As an experienced and principled prosecutor, I went to East Timor to share my skills with fellow prosecutors there. I have become an object of retribution because I fought to uphold principles that are sacred to our profession. What lessons the East Timorese are learning from the experiences I have had! Particularly disturbing is the fact that all of this occurred in the United Nations, the fountain from which the fundamental principles of human rights set out in the Universal Declaration of Human Rights have sprung from. From the same United Nations have emerged those vitally important instruments by which all prosecutors and judges are rightly guided such as the International Covenant on Civil and Political Rights, and the Basic Principles on the Role of Lawyers and the Basic Principles on the Independence of the Judiciary. From this same United Nations, I have experienced political interference, incompetence and mismanagement on a scale that is literally condemning the East Timorese to a dysfunctional and morally bankrupt criminal justice system.
I have paid the price for believing that the United Nations practices what it preaches. My efforts to redeem my reputation through its internal mechanisms have been in vain. UNTAET is simply not willing to face up to the issues raised in my challenge to the vindictiveness of the Minister of Justice, nor to the many independent and internal reports into its malfunctioning criminal justice system. The East Timorese are being led towards a shamefully compromised system.

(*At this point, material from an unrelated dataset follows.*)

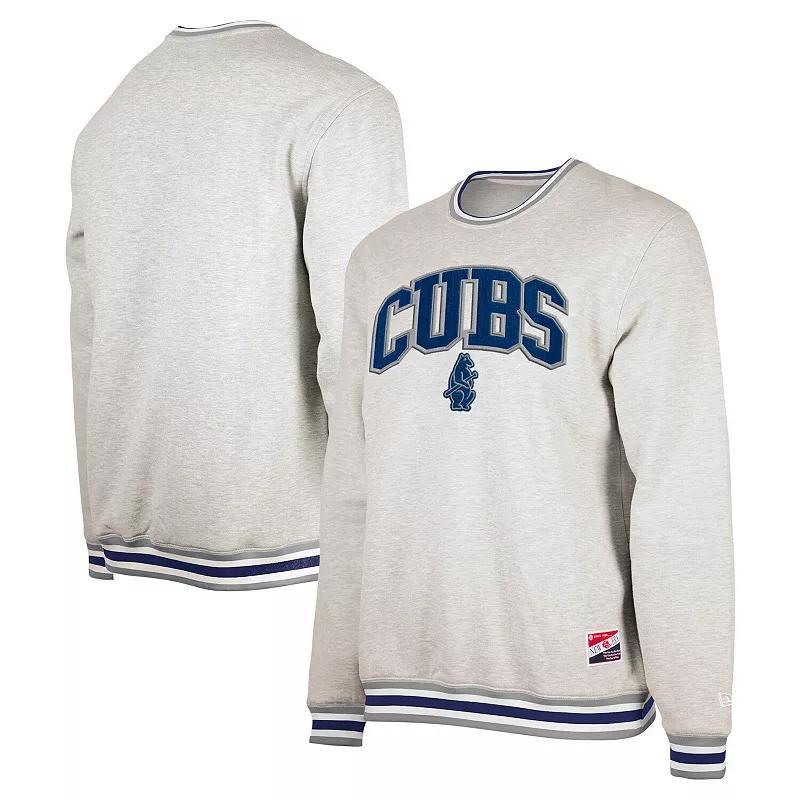 Mens New Era Heather Gray Chicago Cubs Throwback Classic Pullover Sweatshirt Product Image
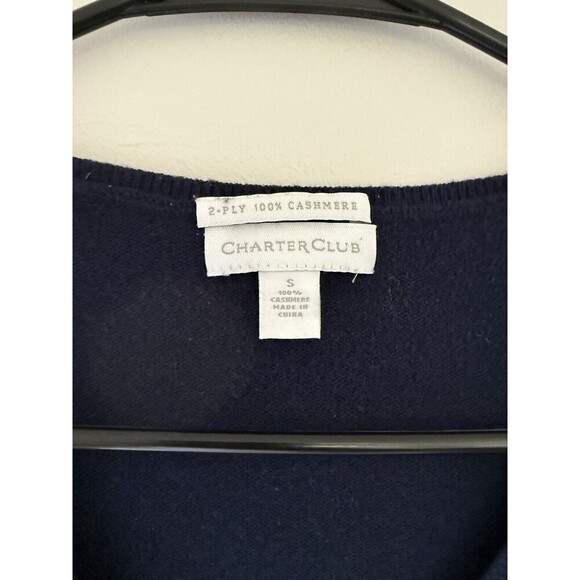 CHARTER CLUB WOMEN'S S SWEATER 2-PLY CASHMERE VNECK PULLOVER BLUE NWT $119 - Picture 2 of 7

I therefore seek the assistance of my fellow prosecutors at this meeting in raising this matter directly with the Secretary General of the United Nations and his Special Representative in East Timor. This is not so much about Carlos Vasconcelos, prosecutor from Brazil, as it is about the quality of the institutions, the standards and the practices of the United Nations in a far and distant land. The East Timorese deserve better and we have a responsibility to help them in their quest for justice.